Jack took the glass from Poldy and drained it. He wiped his mouth with his forearm and gave the glass back to Poldy while stuffing the summer sausage sandwich in his rucksack. He unwrapped the wax paper around the egg salad sandwich and was about to take a bite when he stopped, mouth agape.

"Say, Mr. Poldy," Jack began. "Thanks all the same. Think I'll just eat this outside. Don't wanna cause a mess in here being so clean and all."

"Ho ho! Poldy said, his eyes crinkling.“No need to worry ‘bout that, gyspy boy. No one here right now will ever care about a few breadcrumbs, believe me. But, if you gotta get, use the front door. Where you headed, anyway?"

"Home," said Jack. "Mountain Grove. I was feeling mighty puny for a while there, Mr. Poldy, so thanks a million."

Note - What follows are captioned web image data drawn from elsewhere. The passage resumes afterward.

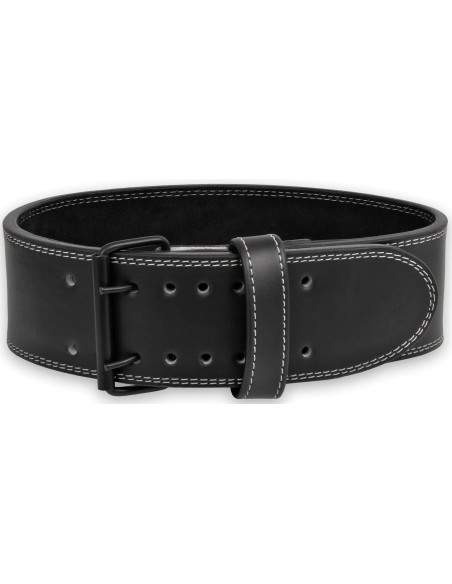 BioTechUSA - POWERLIFTING leather belt | BiotechUSA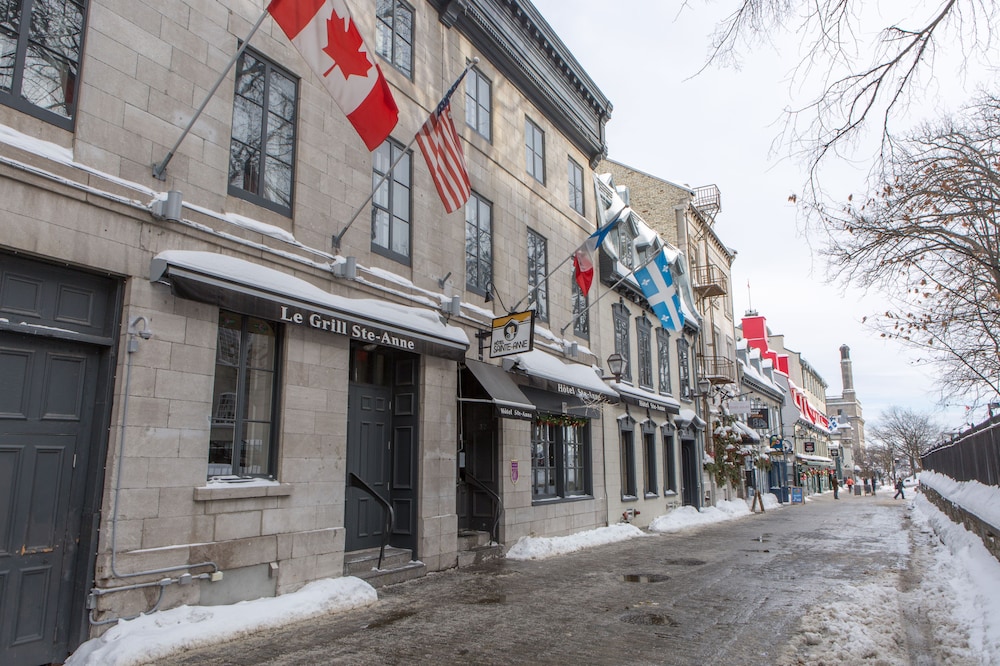 Hotel Sainte Anne 44/50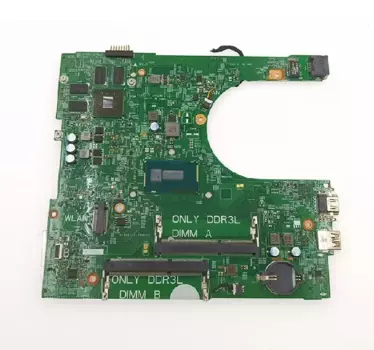 Новая материнская плата для ноутбука Dell Inspiron 3458 3558, модель с несколькими опциями, процессор SN 14216-1 I35005 I35010 I55200 i56200U SR2EY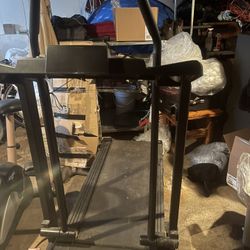Running Machine And Bike 
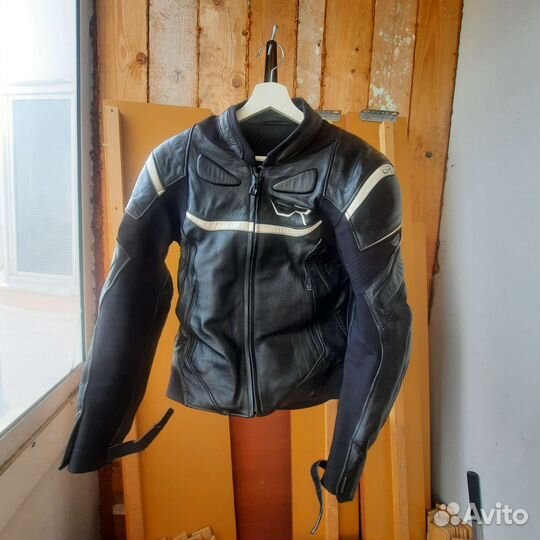 Мотокуртка Macna (EU48 S)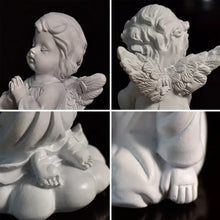 Load image into Gallery viewer, Cherub Angel Statue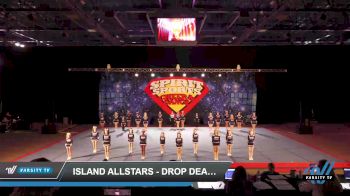 Island Allstars - Drop Dead Divas [2023 L1 Junior - Medium Day 2] 2023 Spirit Sports Kissimmee Nationals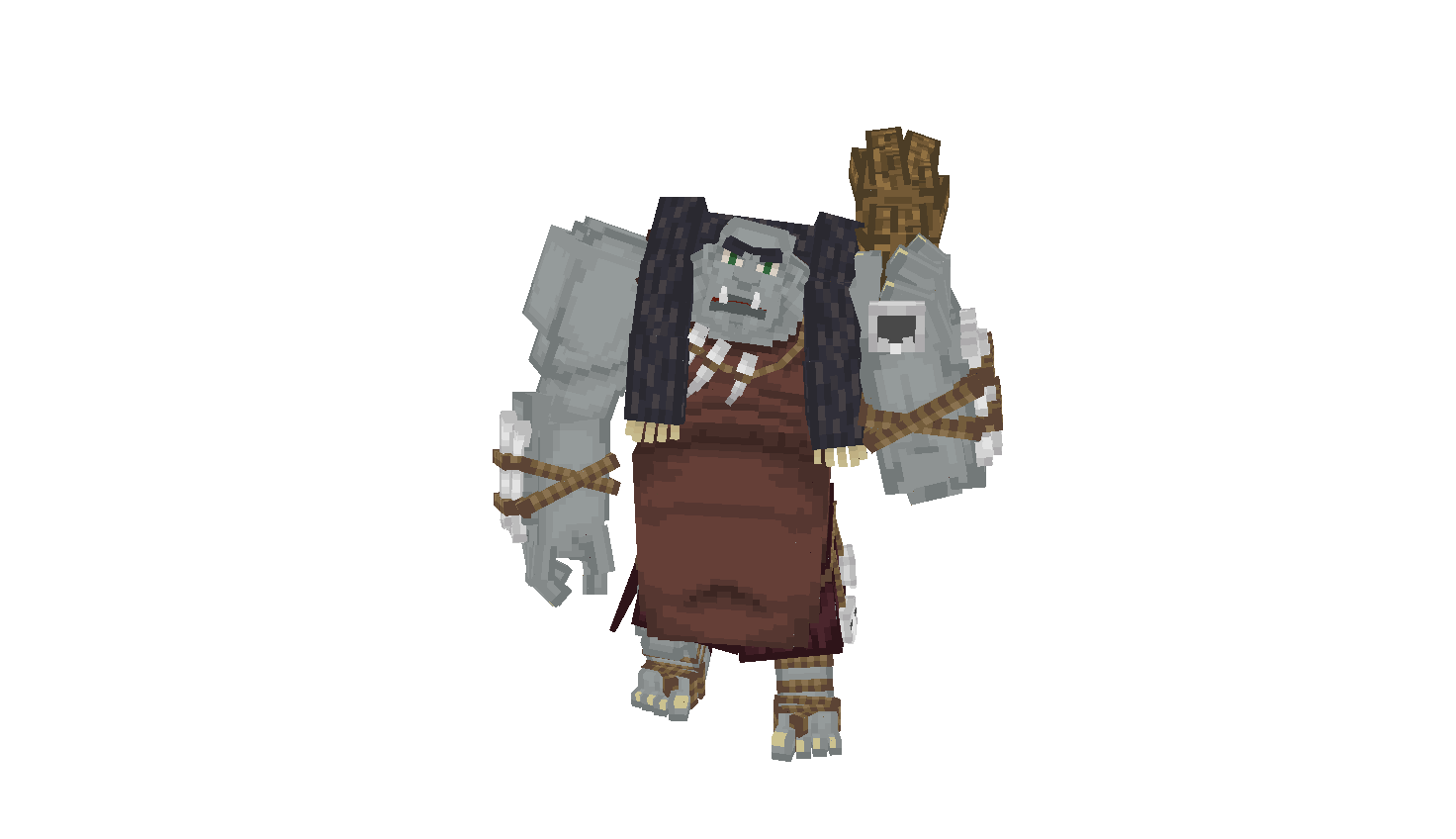 Ogro the Ogre
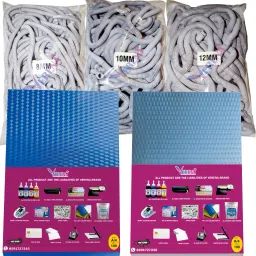 verena Combo Pack for A/4 Spiral Binding Sheet (2 packet)& Ring 3 Packet(8,10,12) Manual Ring Binder-11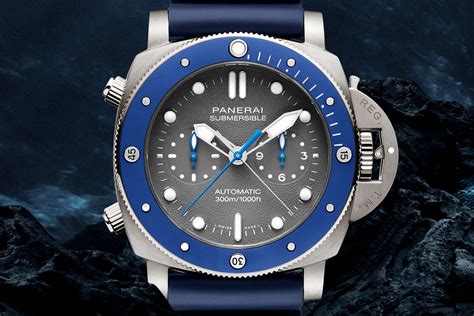 panerai in-house movement|italian dive watch Panerai.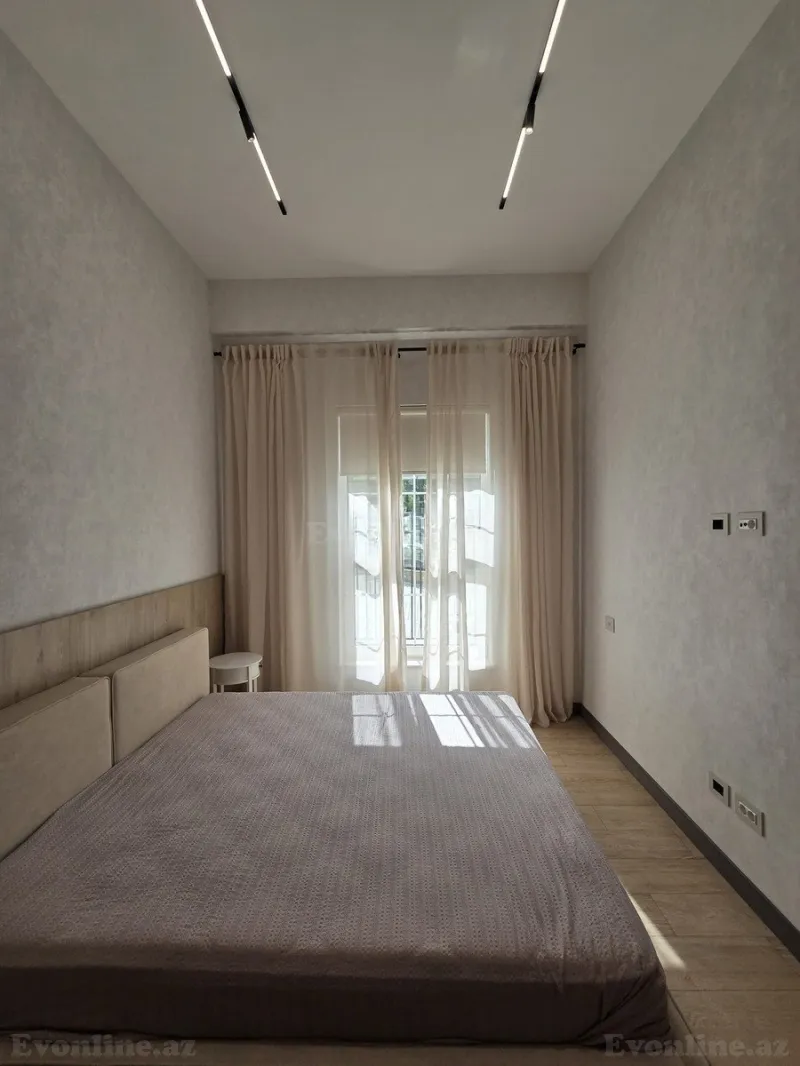 Kirayə verilir 2 otaqlı Mənzil Yeni tikili 70 m² Bakı, Xətai r — Mənzil, Bakı (7)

"Don't mind at all," Poldy said, taking Jack's arm and leading him down the hallway to the front door. Poldy opened the massive wooden double doors. The sun momentarily blinded Jack. After a few seconds Jack could make out the doors and he walked out into the sunshine."

"Mr. Bowman and the McDaniels will be coming back rightly soon, so it’s about time these doors be opened up. Now you have a safe trip, gyspy boy and take better care of yourself. Sooner or later we all wind up in a place like this, hee hee."

Poldy winked at him and stood on the porch, smiling down at him. Jack stepped down upon the sidewalk, feeling immensely better as he munched on the egg salad sandwich. He turned part way around and waved to Poldy standing on the front porch, watching him. Poldy waved back.

Jack continued eating his sandwich and carefully folded the wax paper and put it into his shirt pocket. As he did so, his fingers brushed against something inside the shirt pocket. Jack pulled it out. He fingered two bills folded with a paper clip, a twenty-dollar bill and a five-dollar bill pinned together. Jack laughed out loud, and quickened his steps.